What Is Restricted Stock?
Restricted stock refers to unregistered shares of ownership in a corporation that are issued to corporate affiliates, such as executives and directors. Restricted stock is non-transferable and must be traded in compliance with special Securities and Exchange Commission (SEC) regulations. The restrictions are intended to deter premature selling that might adversely affect the company. It typically becomes available for sale under a graded vesting schedule that lasts several years. Restricted stock is also referred to as "letter stock" and "section 1244 stock."
Types Of Shares: Authorized, Outstanding, Float And Restricted Shares
- Restricted stock is one form of executive compensation offered by select corporations.
- The use of restricted stock is most common in established companies that want to motivate employees by giving them a share of the equity.
- Restricted stock represents the actual ownership of shares but comes with conditions on the timing of the sale.
- The restrictions are intended to deter premature selling that might hurt the company, as well as to motivate managers to align their interests with the future of the company.
How Restricted Stock Works
Restricted stock became more popular in the mid-2000s as companies were required to expense stock option grants. It is often used as a form of employee compensation, in which case, it typically becomes transferrable, that is, vests, upon the satisfaction of certain conditions, such as continued employment for a period of time or the achievement of particular product-development milestones, earnings per share (EPS) goals, or other financial targets.
Insiders are given restricted stock after merger and acquisition activity, underwriting activity, and affiliate ownership in order to prevent premature selling that might adversely affect the company. An executive may have to forfeit restricted stock if he leaves the company, fails to meet corporate or personal performance goals, or runs afoul of SEC trading restrictions. The SEC regulations that govern the trading of restricted stock are outlined under SEC Rule 144, which describes the registration and public trading of restricted stock and the limits on holding periods and volume.
An executive may have to give up restricted stock should they leave the company, miss certain pre-specified performance targets, or get in trouble with the Securities and Exchange Commission.
These shares may be restricted by a double-trigger provision. That means that an employee's shares become unrestricted if the company is acquired by another and the employee is fired in the restructuring that follows.

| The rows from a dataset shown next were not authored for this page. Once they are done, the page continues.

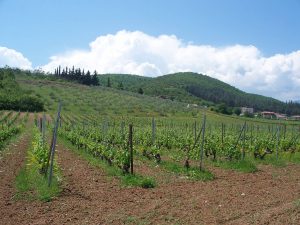 The vineyards in Greece provide some of the best Mediterranean wines. 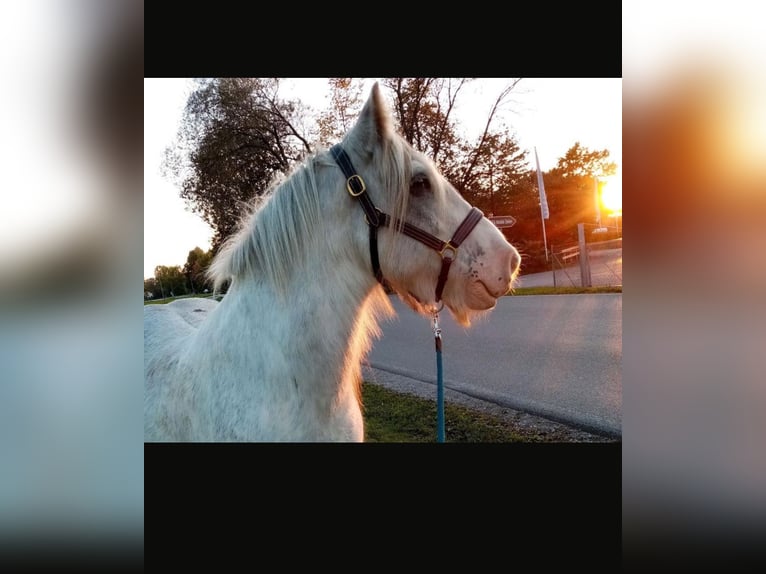 Gypsy Horse Gelding 14 years 13,2 hh Gray-Dapple in Amerang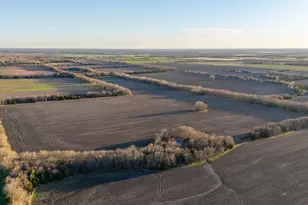 Tbd County Road 3240, Ben Franklin, TX 75415 - Photo 1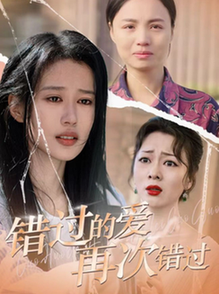 错过的爱再次错过（30集全）-搜外项目网
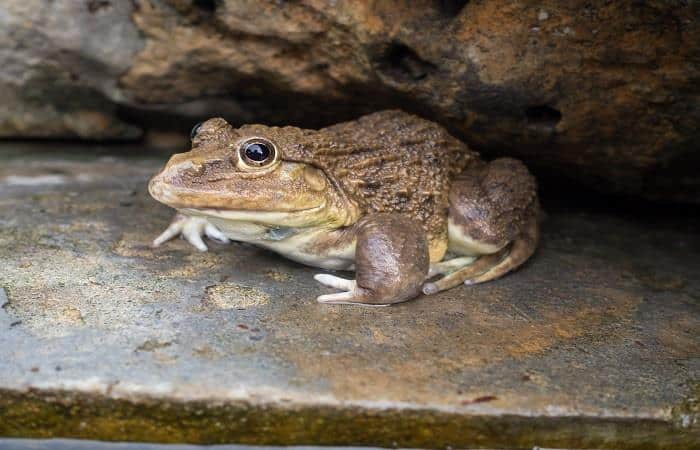 Animales en peligro de Extinción en el Perú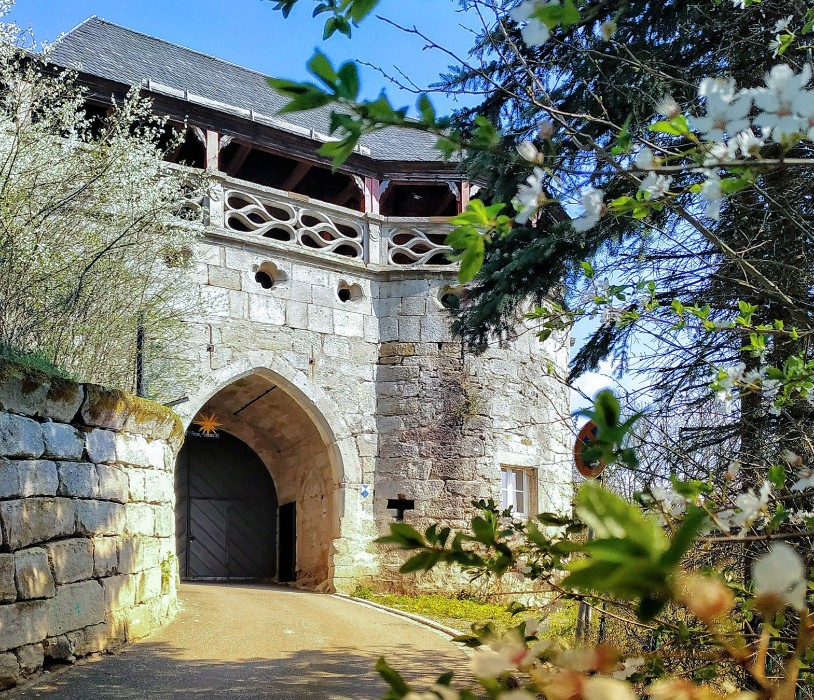 Historische Immobilien, Der Seriensanierer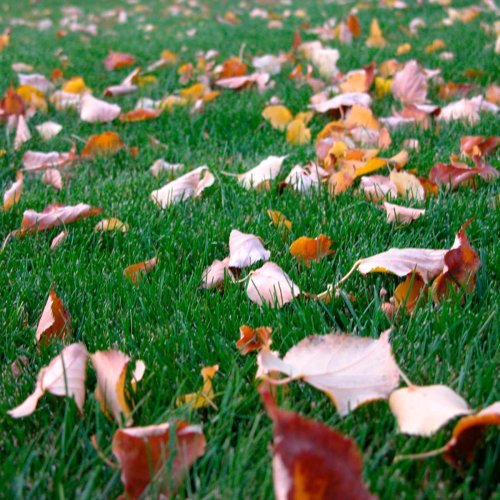 8 Fall Landscaping Myths You Need to Stop Believing
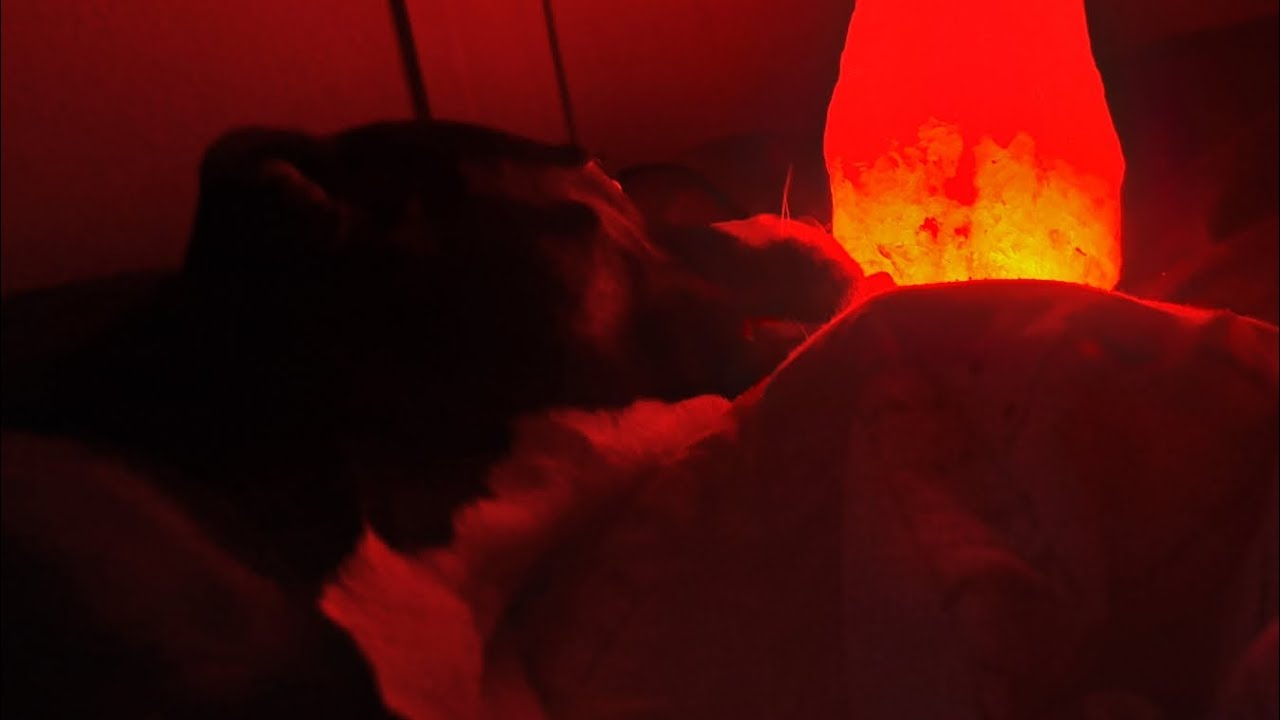 Dog Scratching ASMR Part 4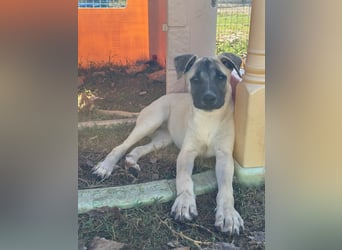 Inga - (Dringend Pflegestelle oder Zuhause gesucht)  Zwei kleine Hunde und ...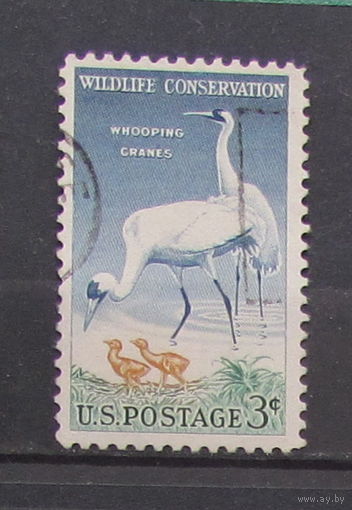 США 1957г. Охрана дикой природы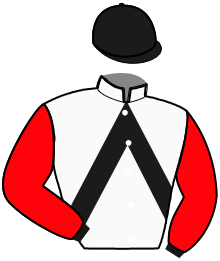casaque portée par Le Beller Mlle E. jockey du cheval de course LOTUS DE BLAY, information pmu ZETURF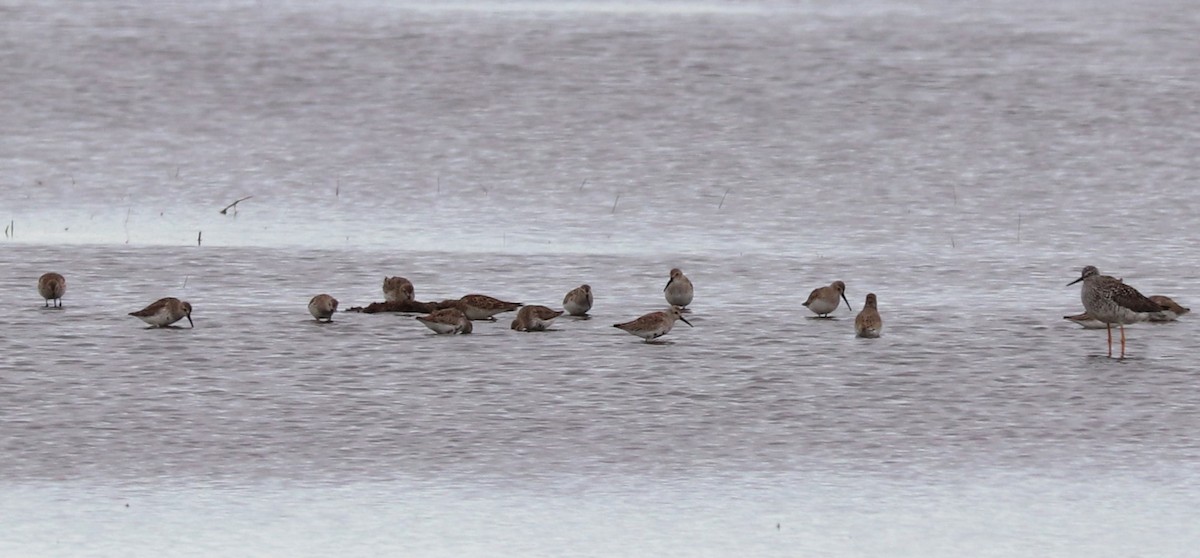 Dunlin - ML617884766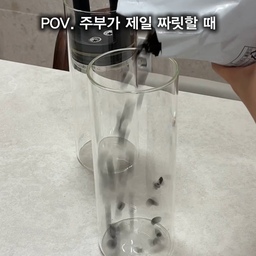 POV. 주부가 제일 짜릿한 순간✨
텅 빈 통을 하나씩 꽉 채우는 순간,
별거 아닌데 왜 이렇게 기분 좋은지😌
원두도 와르르 채우고☕️
쌀이랑 콩도 든든하게 채우고
식세기 세제도 빈틈없이 꽉!
계란 트레이도 가지런히 채워주고🥚
수박은 먹기 좋게 큐브로 싹둑🍉
곳간에 김까지 넉넉하게 쟁여두면
괜히 마음까지 든든해지는 살림의 맛🤍
살림하다 보면 유독
도파민 터지는 순간들이 있잖아요?
여러분의 짜릿한 순간도 공유해주세요✨
#살림 #살림꿀팁 #살림브이로그 #주부 #주부일상 #주부브이로그 #주방살림 #주방정리 #정리정돈 #정리수납 #집안일 #살림루틴 #주방용품 #냉장고정리 #식재료보관 #소분 #리빙 #리빙꿀팁 #콘수프기록집 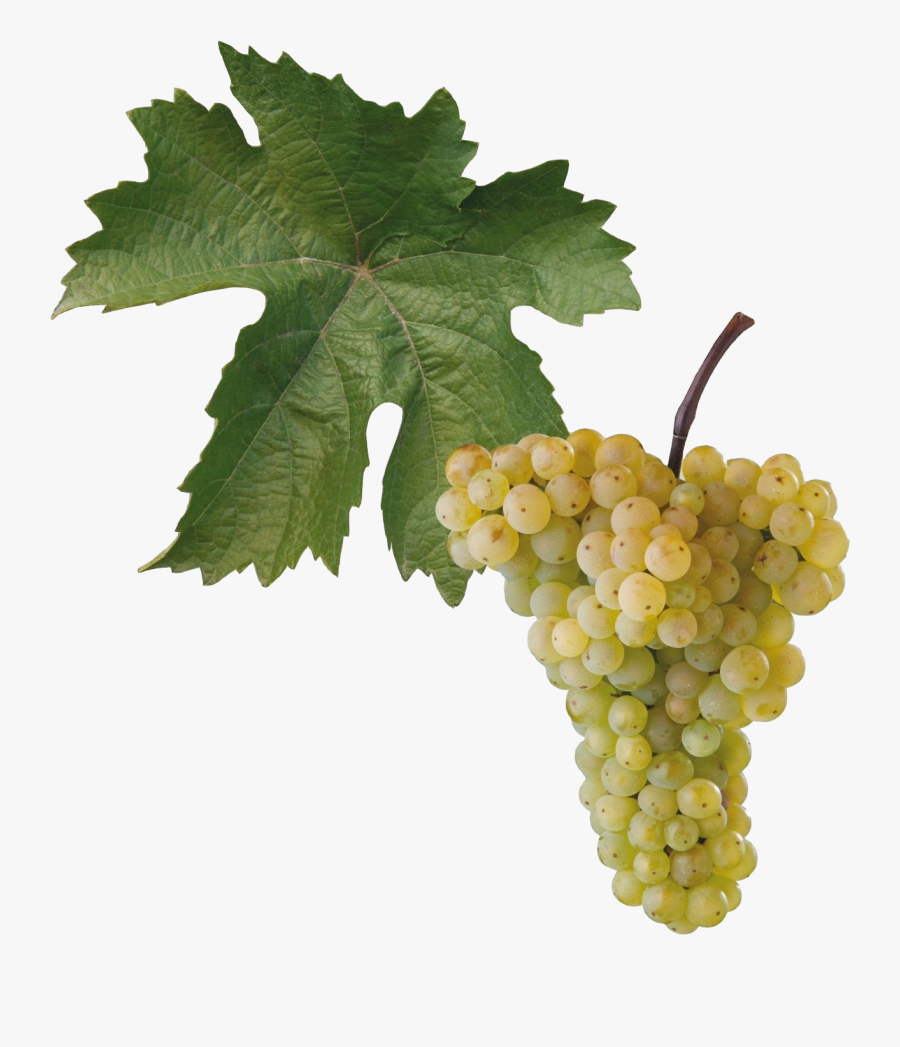 Aurelius Réva, Transparent Clipart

Restricted Stock Units vs. Restricted Stock Awards
Two variations of restricted stock are restricted stock units (RSUs) and restricted stock awards. A restricted stock unit is a promise made to an employee by an employer to grant a given number of shares of the company's stock to the employee at a predetermined time in the future. Since RSUs are not actually stocks, but only a right to the promised stock, they carry no voting rights. An RSU must be exercised in order to receive the stock. An RSU that is converted to a stock carries the standard voting rights for the class of stock issued.
A restricted stock award is similar to an RSU in a number of ways, except for the fact that the award also comes with voting rights. This is because the employee owns the stock immediately once it is awarded. Generally, an RSU represents stock, but in some cases, an employee can elect to receive the cash value of the RSU in lieu of a stock award. This is not the case for restricted stock awards, which cannot be redeemed for cash.
Taxation of Restricted Stock
The taxation of restricted stock is complex and is governed by Section 1244 of the Internal Revenue Code (IRC). Restricted stockholders pay tax on the capital gain or loss represented by the difference between the stock’s price on the date it vests and the date it is sold. In addition, restricted stock is taxable as ordinary income in the year it vests. This is converse to stock options which are taxed when the employee exercises his or her option, not when they are vested.
The amount on restricted stock that must be declared as income is the stock’s fair market value on the vesting date minus its original exercise price. However, the restricted stockholder may do a Section 83(b) election, which lets him or her use the price on the grant date, not the vesting date, for the purposes of calculating ordinary income tax. The tax bill must be paid sooner in this case, but it may be substantially lower if the stock appreciates between the grant date and the vesting date. The risk of taking this election is that if the restricted stockholder leaves the company before the shares vest, the shares are forfeited, and taxes already paid are non-refundable.